2022/08/31
The first challenge is to manage time. It's about 160 days of school. More classes for kindergarten and 1st cycle, less for the 9th grade. Every week there are around 30 hours of classes, this strange concept that defines a time and a space.
Tomorrow, you start the train. The image always jumps in my sight: a steam locomotive, as in the cowboy movies of the American West. Today, on the eve of the day of departure, the coal deposits and the water boiler are filled. Throughout August a small team of teachers was preparing the schedules of students and teachers. As we all insist on calling, the "continuous" or "the school assistants" ones were busy leaving everything clean and organized.
Tomorrow, the boiler will begin to be heated and the station or the train stop fill up with the teachers who are expected to report to the school, filling in a tiny little paper called "Presentation to the Service". It's a remnant of a bureaucracy that may no longer make sense.
In the teachers' room, there will be kisses and some hugs distributed by all. It's the only day we greet each other like this. From here we will just say "good morning" or "Hi! Is that all right?"
For about a week and a half, we will be busy with several meetings. Around the 13th the train will leave the station with the entrance to the scene of the students: hundreds of children and young people arriving, with an air of those who have just come from the beach.

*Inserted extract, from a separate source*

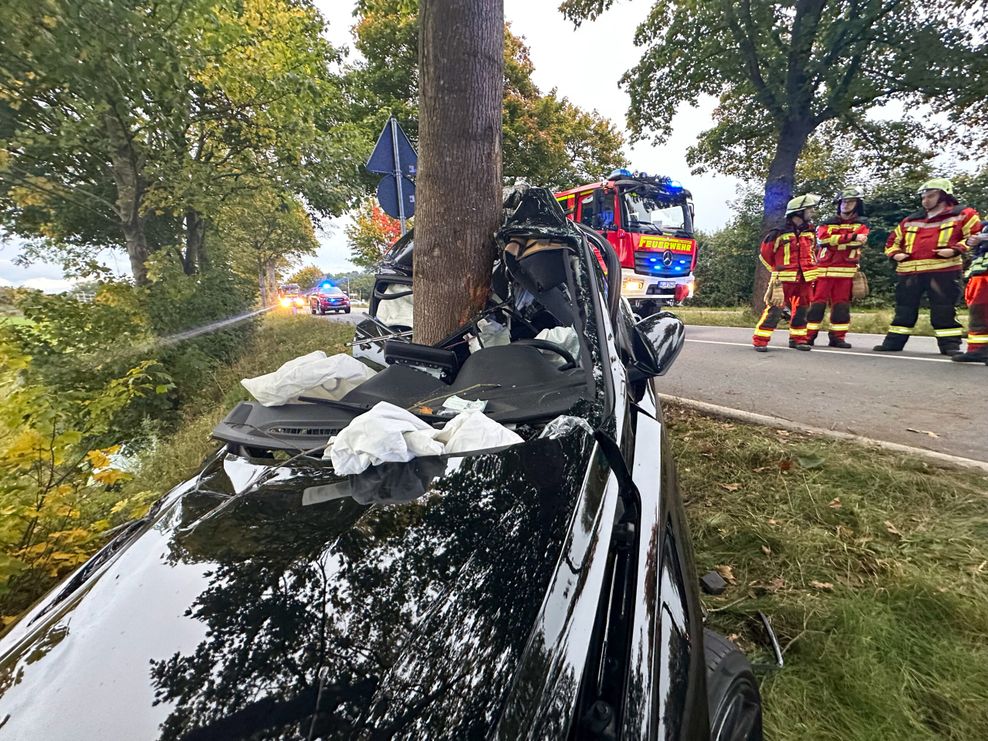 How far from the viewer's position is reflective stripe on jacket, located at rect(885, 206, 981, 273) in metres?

Parents still go in their short shorts and light dresses, far removed from January scarves.
Gradually the train will gain speed and, in early October, will run at its cruising speed, at a good pace until Christmas, with a brief stop in mid-November for interim meetings.
The first challenge is to manage time. It's about 160 days of school. More classes for kindergarten and 1st cycle, less for the 9th grade. Every week there are around 30 hours of classes, this strange concept that defines a time and a space.
There are disciplines with about 5 hours per week and others with only 2 hours. But, the list of apprenticeships is extensive.
During the first year I taught, I followed in the footsteps of my internship advisors. But with the stage done and already alone the task was another. I remember this second year I was a teacher. Sitting at a small Macintosh, the wonder computer invented by Steve Job. He was a professor of natural sciences. I'd have three hours a week with my students. I prepared the calendar, signed the holidays, and realized that at most I would have about 90 hours a year with each class.
I grabbed the list of topics to address, the contents, as we called it and I panicked. How would I get all the students, children 10 to 11 years old, to learn everything that was supposed to learn? And this is one of the great mysteries of education: how to manage time, this sand that runs through the fingers of the present falling towards the future.